▶ [Prompt] Please find the line that holds "Balanced Flower Earrings" below and reproduce it, along with every line after it through the end, exactly and without pictures.

Web page caption snippets:
┄┄┄┄┄┄┄┄┄┄

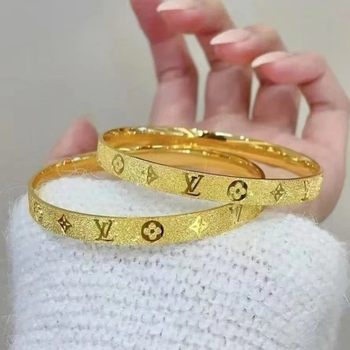 Sand-Faced Golden Clover Bracelet for Women, Sterling Silver-Plated, Accessible Luxury Niche, High-End Design Hand Jewelry, Wholesale, Non-Fading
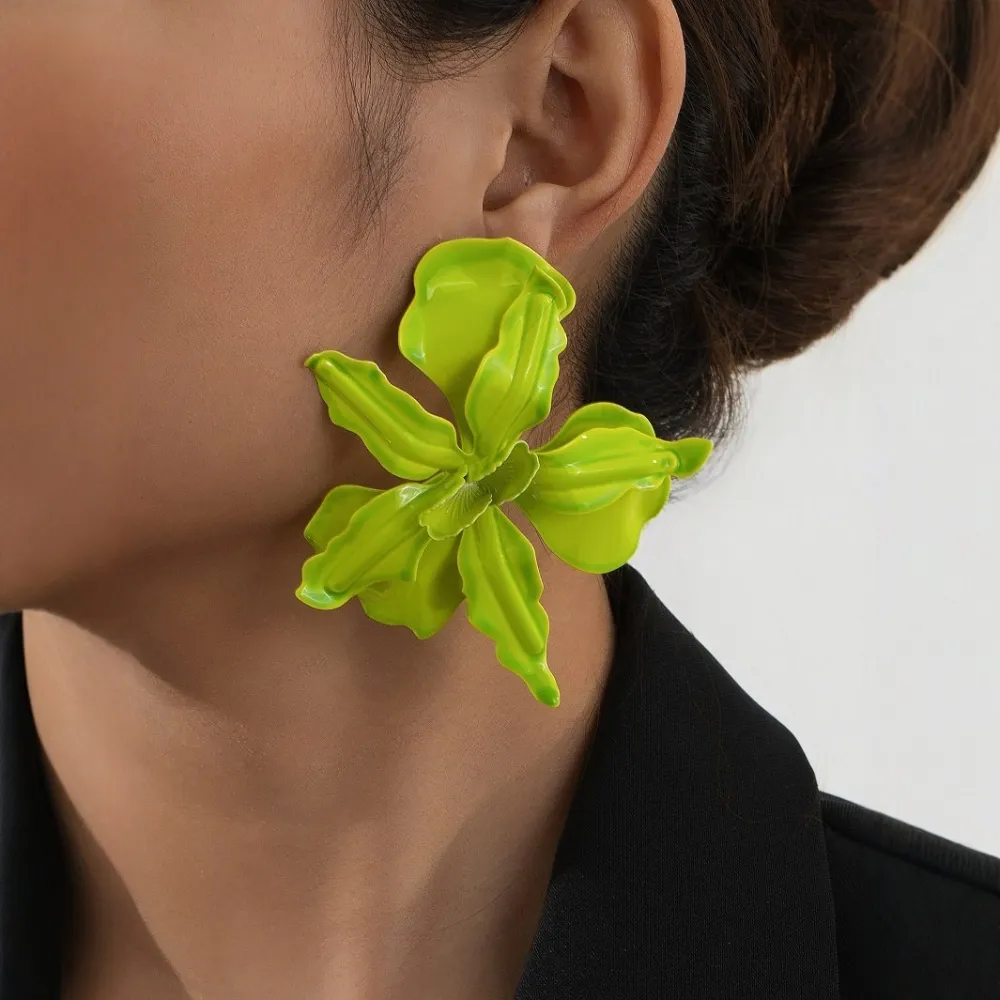 Balanced Flower Earrings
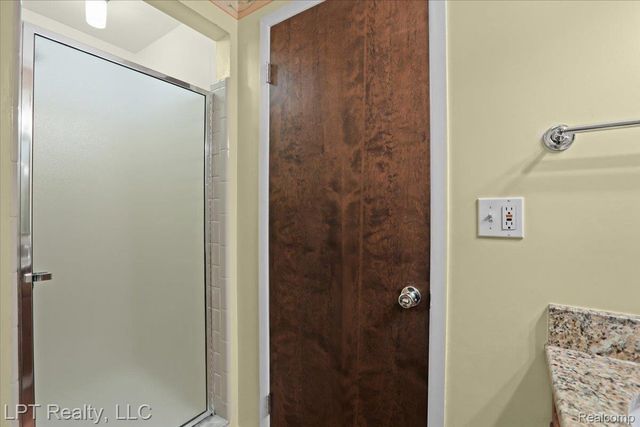 6378 Emerald Lake Drive, Troy, MI 48085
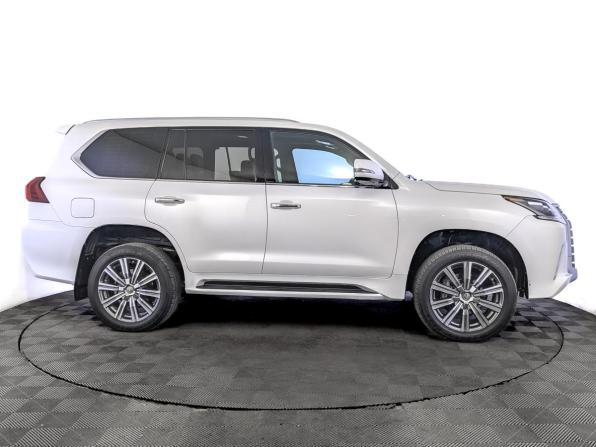Lexus LX III Рестайлинг 2 с пробегом 2016 года, цена 8 450 000 рублей, 106604 км, внедорожник, Автокод Объявления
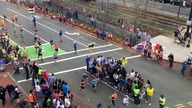 Przejście dla pieszych podczas maratonu w Bostonie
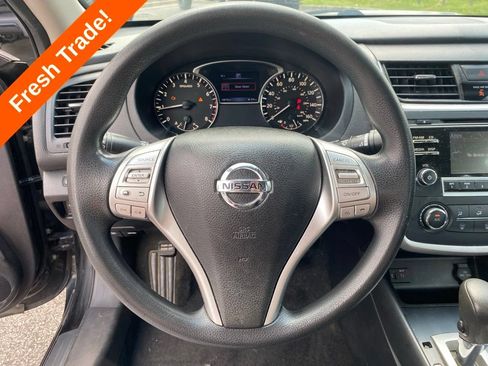 Used 2016 Nissan Altima 2.5 S w/ Power Driver Seat Package FWD image 15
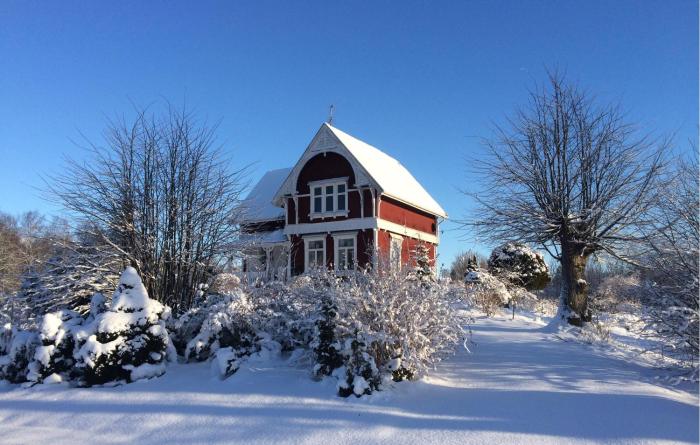 Beautiful Home In Slottsbron With Wifi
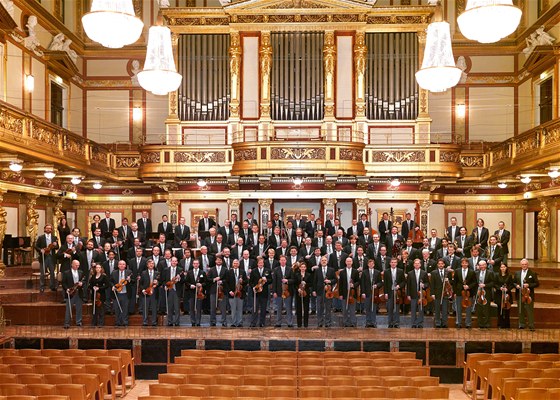 Koncert Vídeské filharmonie patí mezi vyprodané, pestoe vstupenky stály skoro 5 000 korun.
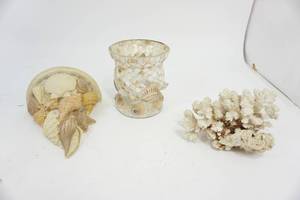 lot 199 image: Home Decor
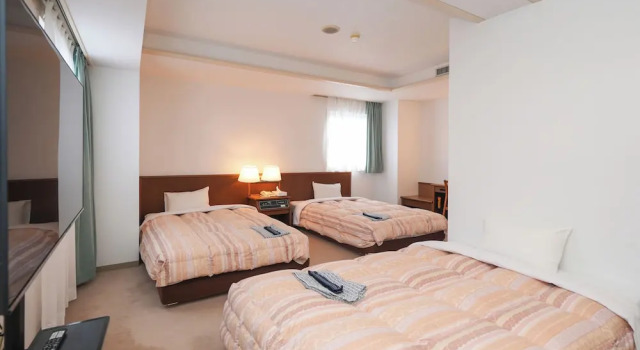 Трёхместный номер Deluxe с 3 комнатами Tendo Central Hotel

┄┄┄┄┄┄┄┄┄┄

▶ [Written answer]
 Balanced Flower Earrings
 6378 Emerald Lake Drive, Troy, MI 48085
Lexus LX III Рестайлинг 2 с пробегом 2016 года, цена 8 450 000 рублей, 106604 км, внедорожник, Автокод Объявления
 Przejście dla pieszych podczas maratonu w Bostonie
 Used 2016 Nissan Altima 2.5 S w/ Power Driver Seat Package FWD image 15
 Beautiful Home In Slottsbron With Wifi
 Koncert Vídeské filharmonie patí mezi vyprodané, pestoe vstupenky stály skoro 5 000 korun.
 lot 199 image: Home Decor
 Трёхместный номер Deluxe с 3 комнатами Tendo Central Hotel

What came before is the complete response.